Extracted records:
________

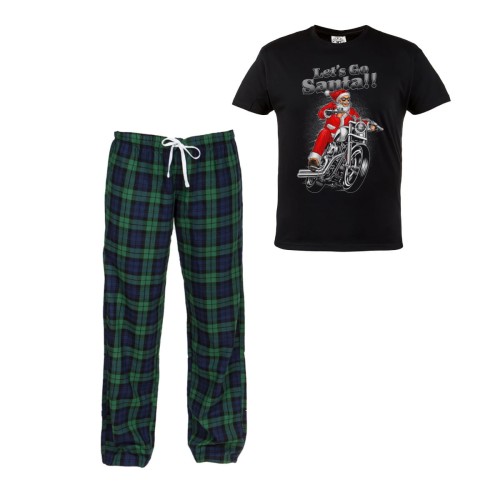 MĘSKA PIŻAMA ŚWIĄTECZNA NA PREZENT LET'S GO SANTA SANTA10 1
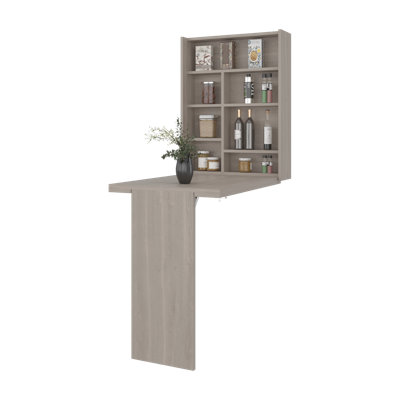 Dalton Foldable Floating Desk with 7 Shelf Divisions by Millwood Pines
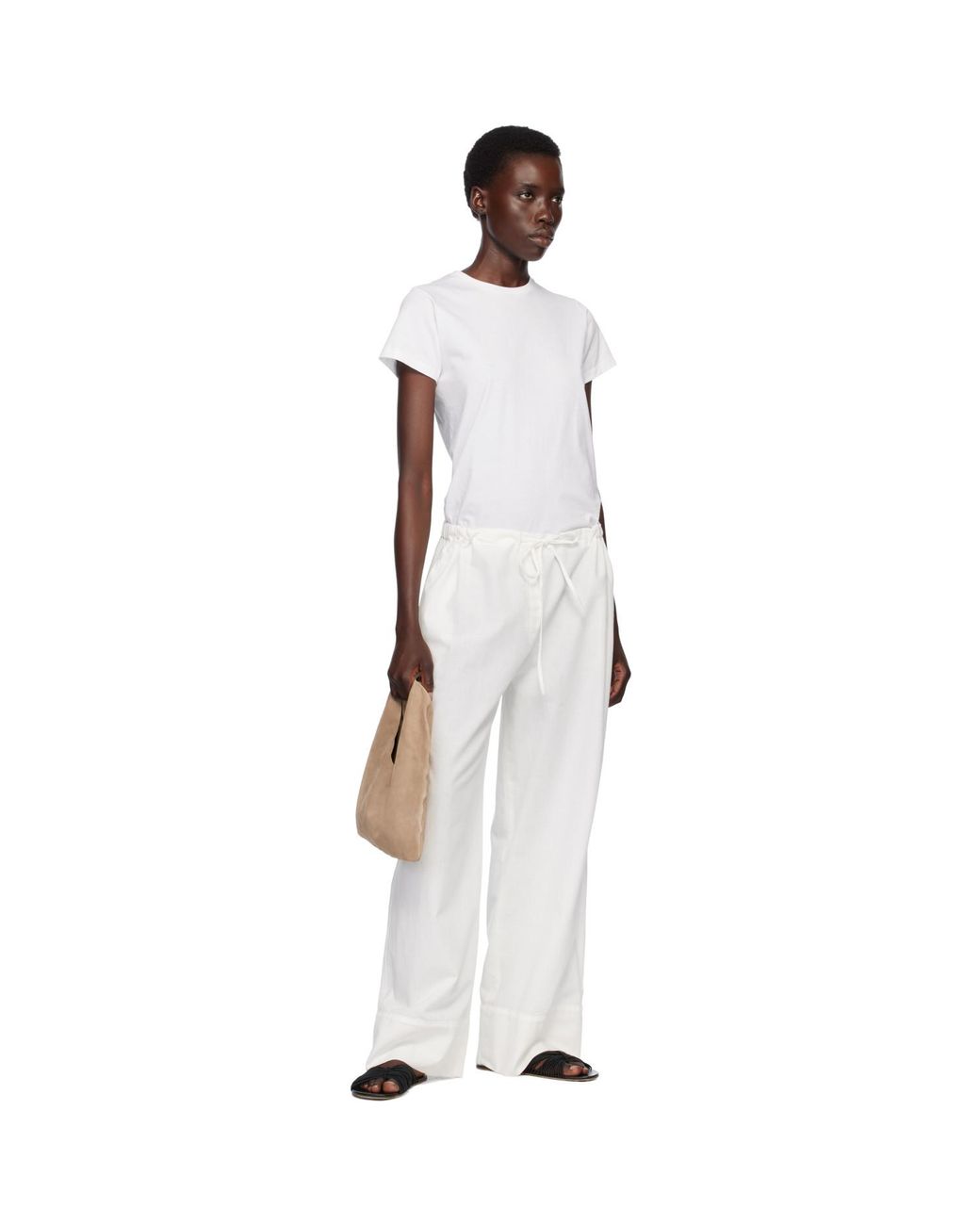 The Row Natural Small Bindle Tote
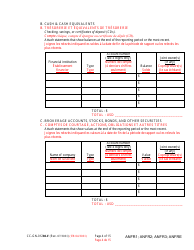 Form CC-GN-012BLF Fiduciary&#039;s Account (Md. Rule 10-708(A)) - Maryland (English/French), Page 4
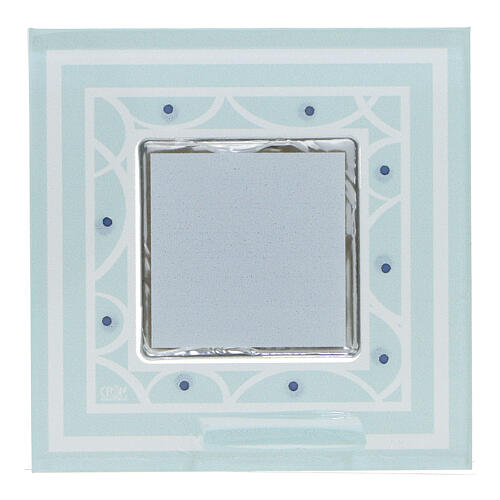 Bomboniera 7x7 cm quadretto Comunione verde 2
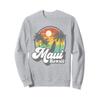 Vintage Maui Hawaii Hawaiian Beach Surfing 70's Surf Gift Sweatshirt view 1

________

● PROBLEM TO SOLVE
Please write out every record above exactly, but leave the pictures out.

● YOUR RESPONSE
 MĘSKA PIŻAMA ŚWIĄTECZNA NA PREZENT LET'S GO SANTA SANTA10 1
 Dalton Foldable Floating Desk with 7 Shelf Divisions by Millwood Pines
 The Row Natural Small Bindle Tote
 Form CC-GN-012BLF Fiduciary&#039;s Account (Md. Rule 10-708(A)) - Maryland (English/French), Page 4
 Bomboniera 7x7 cm quadretto Comunione verde 2
 Vintage Maui Hawaii Hawaiian Beach Surfing 70's Surf Gift Sweatshirt view 1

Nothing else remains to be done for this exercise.